# [About this exercise]
Please restate word for word all lines from the one containing "CHARMING & COMFORTABLE" to the final line of the entries, and include no pictures.

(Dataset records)
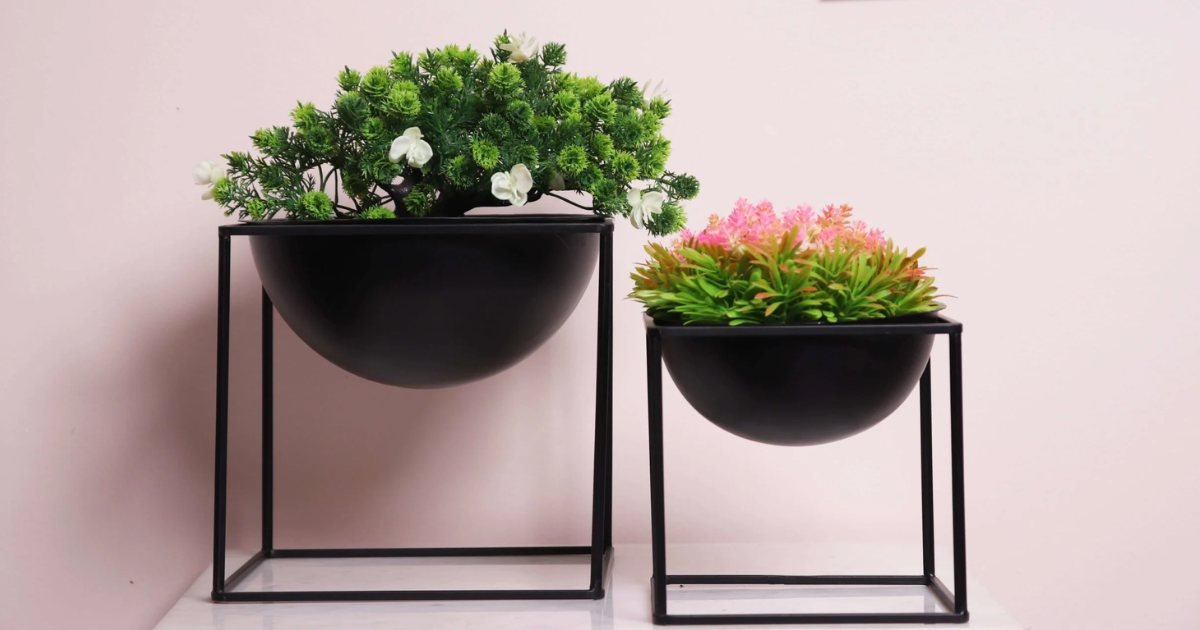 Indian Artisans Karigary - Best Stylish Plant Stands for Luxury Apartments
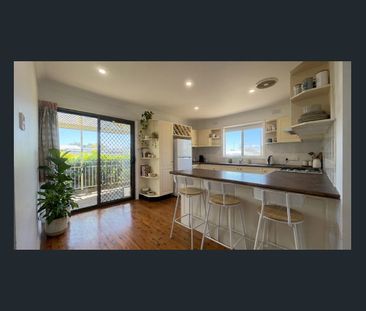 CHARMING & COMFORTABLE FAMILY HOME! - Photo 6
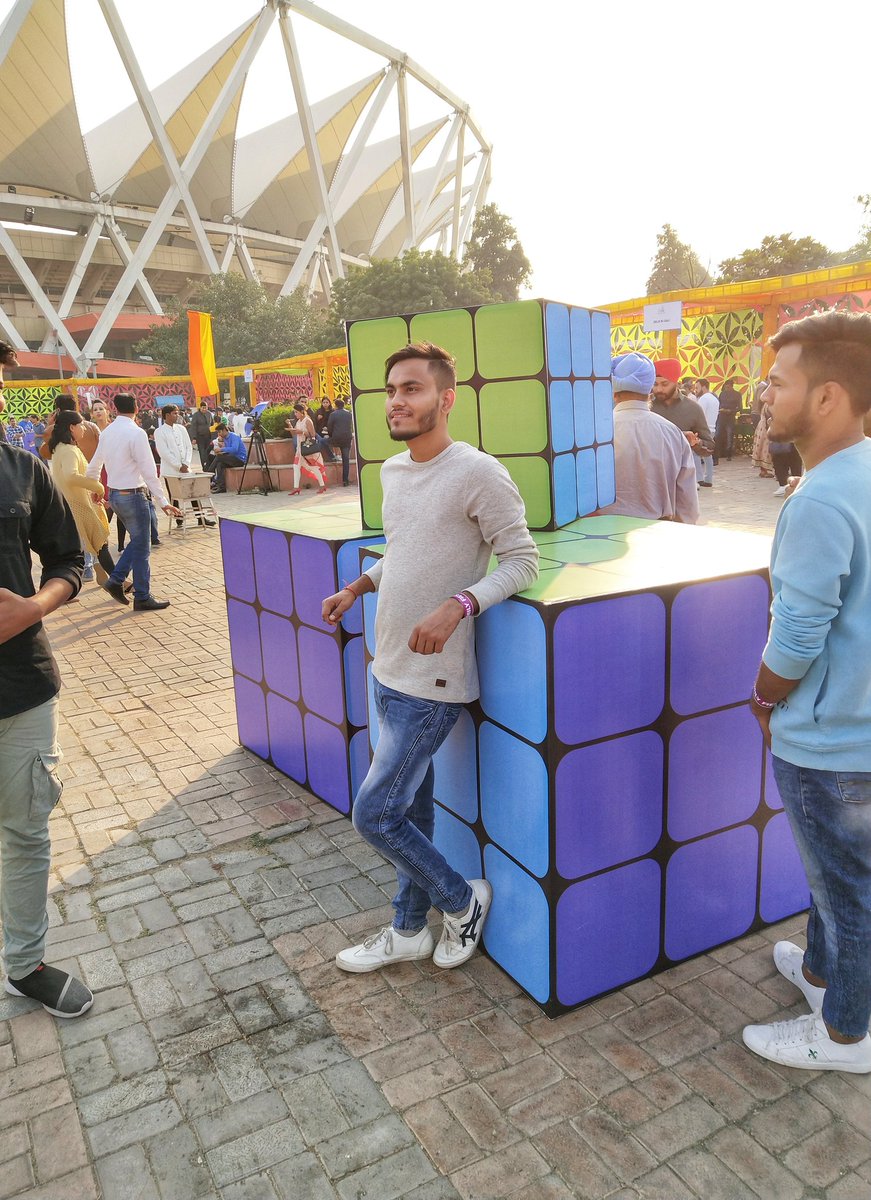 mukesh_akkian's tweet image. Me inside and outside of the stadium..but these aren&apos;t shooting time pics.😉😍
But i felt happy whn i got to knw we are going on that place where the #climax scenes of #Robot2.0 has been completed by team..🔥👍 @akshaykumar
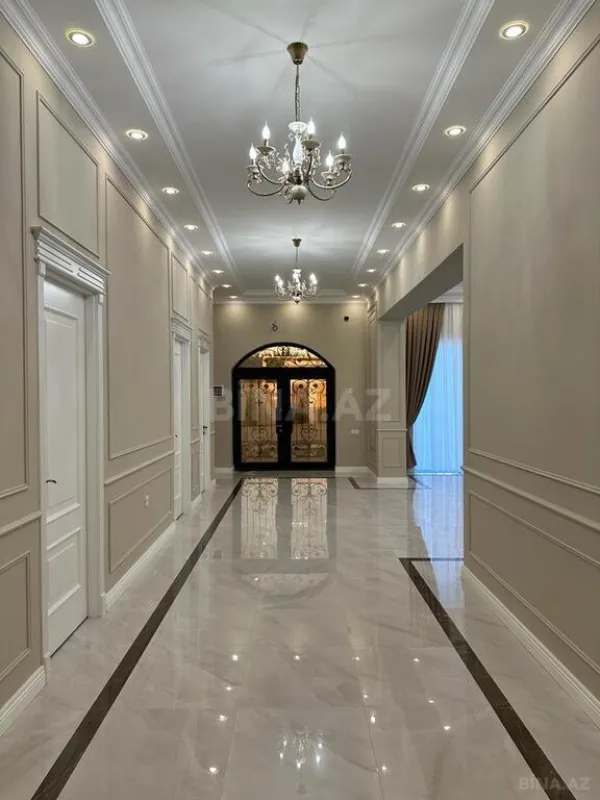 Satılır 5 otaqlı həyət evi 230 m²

# [Result below]
 CHARMING & COMFORTABLE FAMILY HOME! - Photo 6
 mukesh_akkian's tweet image. Me inside and outside of the stadium..but these aren&apos;t shooting time pics.😉😍
But i felt happy whn i got to knw we are going on that place where the #climax scenes of #Robot2.0 has been completed by team..🔥👍 @akshaykumar
 Satılır 5 otaqlı həyət evi 230 m²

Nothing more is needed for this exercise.